5 декабря 1840 года шеф жандармов граф Бенкендорф поручил начальнику штаба отдельного корпуса жандармов и управляющему III отделением генерал-лейтенанту Дубельту разыскать и доставить в III отделение Герцена. По предписанию Дубельта петербургский обер-полицмейстер быстро выяснил, где обитает Герцен, и уже утром 7 декабря квартальный, перепугав чуть ли не до обморока Наталью Александровну, предложил Александру Ивановичу следовать за ним. Сани стояли наготове у подъезда. Бешеная скачка, так напомнившая московскую, из Крутиц… И вот лошади осадили у печально-знаменитого дома у Цепного моста. Канцелярия занимала флигель, до которого нужно было добираться маленькими двориками. Герцена принял худой старик со звездой на груди, с "зловещим лицом". Из разговора с этим "корпусным командиром шпионов" стало ясно, что Александр Иванович обвиняется в разглашении "ложных и вредных слухов". Будочник у Синего моста убил и ограбил прохожего — об этом происшествии толковал весь Петербург, его обсуждали и в канцелярии министерства внутренних дел, где служил Герцен. Александр Иванович описал сей случай отцу. Не то чтобы это было из ряда вон выходящим событием, но Герцен, наверное, поостерегся, если бы знал, что его письма перлюстрируются неукоснительно. На имя императора была подана докладная. Николай I распорядился вернуть Герцена в Вятку.

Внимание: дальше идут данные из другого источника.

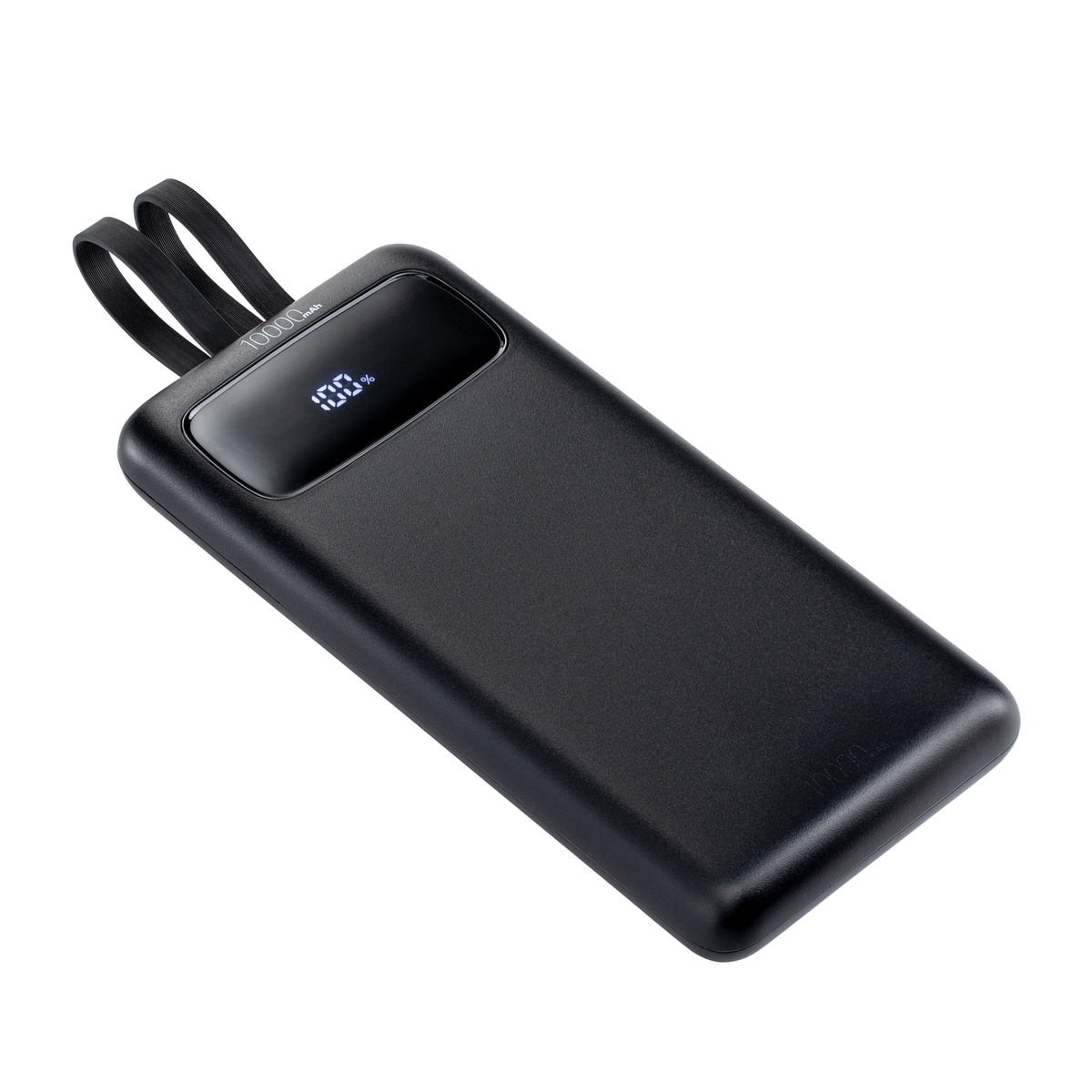 Powerbank with Fast Charge and Power Delivery REEVES-PULSEXPRESS 10 black 10000 mAh Powerbank with Fast Charge and Power Delivery REEVES-PULSEXPRESS 10 black 10000 mAh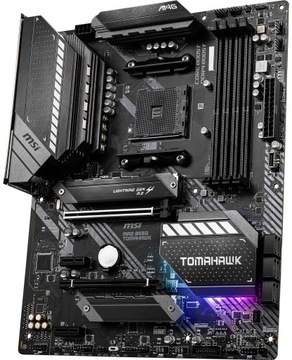 Msi Mag B550 Tomahawk Atx Mb 4xDDR4 (P)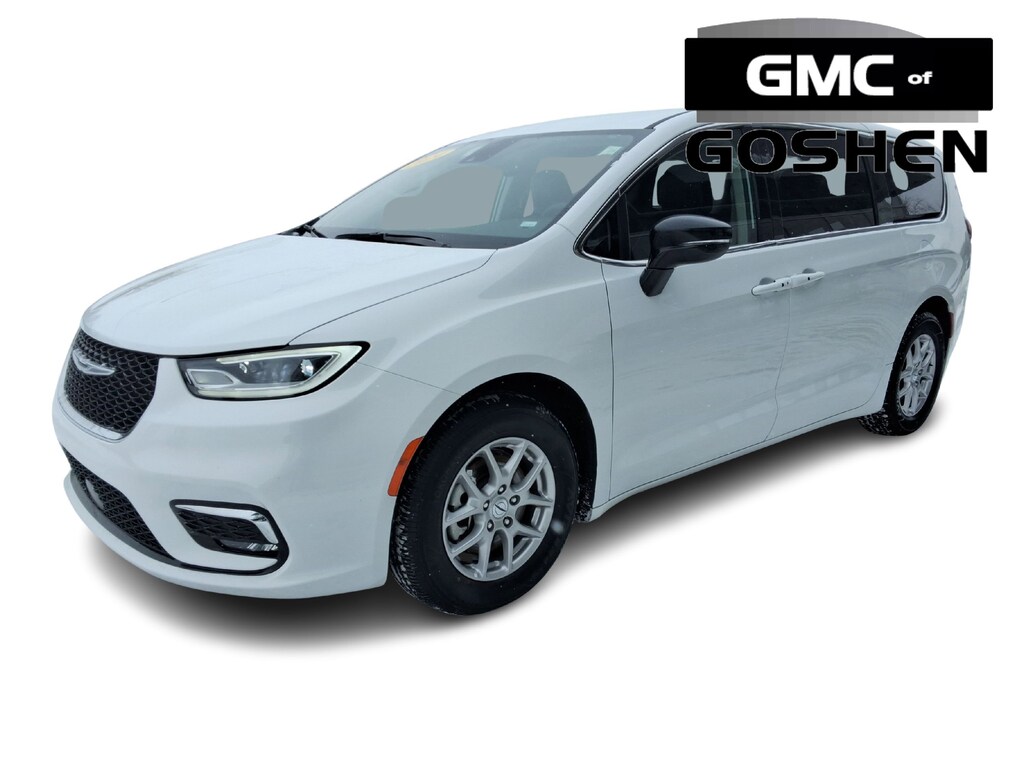 Used 2024 Chrysler Pacifica Touring L Van Passenger Van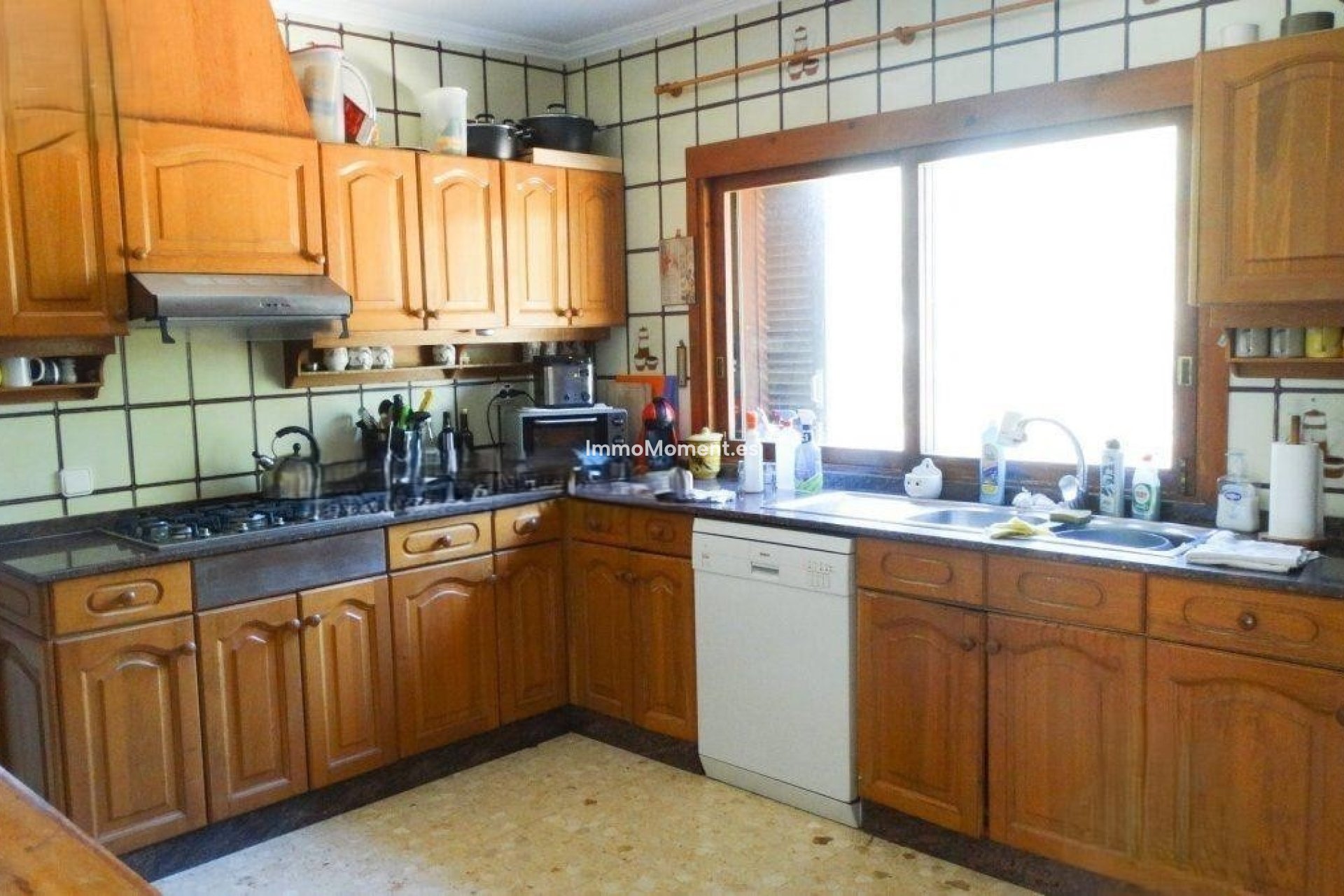 Bestaande woning - Villa - Benidorm - Benidorm Centro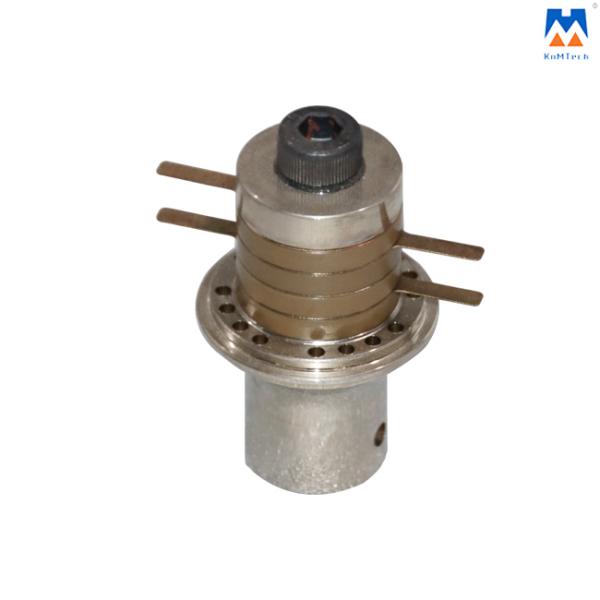3600W ultrasonic converter for plastic welding great power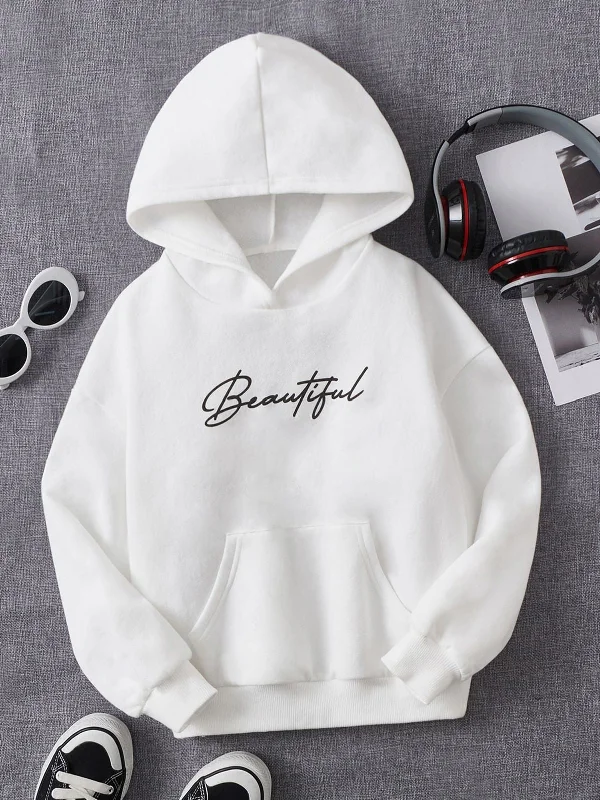 Beautiful Women Oversized Hoodies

Герцена душила злоба, бессильная ярость пойманного в клетку зверя. Вернувшись, он застал Наталью Александровну в лихорадке. Саша молчаливо перебирал игрушки. Наступил вечер этого тоскливого дня. В доме Герцена царила непривычная тишина. И внезапно в час, когда уже не ждут гостей или запоздалых визитеров, в передней залился отчаянным дребезжанием звонок, словно возвещая, что в империи "черная смерть" или рушатся троны, гибнет вселенная. Жандармский офицер, гремя шашкой, гремя шпорами, ввалился в гостиную. Увидев даму с ребенком, стал извиняться. И Герцен через много лет с горькой иронией напишет. "Жандармы — цвет учтивости, если б не священная обязанность, не долг службы, они бы никогда не только не делали доносов, но и не дрались бы с форейторами и кучерами при разъездах. Я это знаю с Крутицких казарм, где офицер desole (расстроенный. — В.П.) был так глубоко огорчен необходимостью шарить в моих карманах". Жандарм пригласил Герцена к Дубельту тотчас, несмотря на позднее время. И снова та же бешеная скачка мимо Летнего сада, Цепного моста.
Разговор с Дубельтом был почти светским.
— Мне очень жаль, что повод, который заставил меня вас просить ко мне, не совсем приятный для вас. Неосторожность ваша навлекла снова гнев его величества на вас.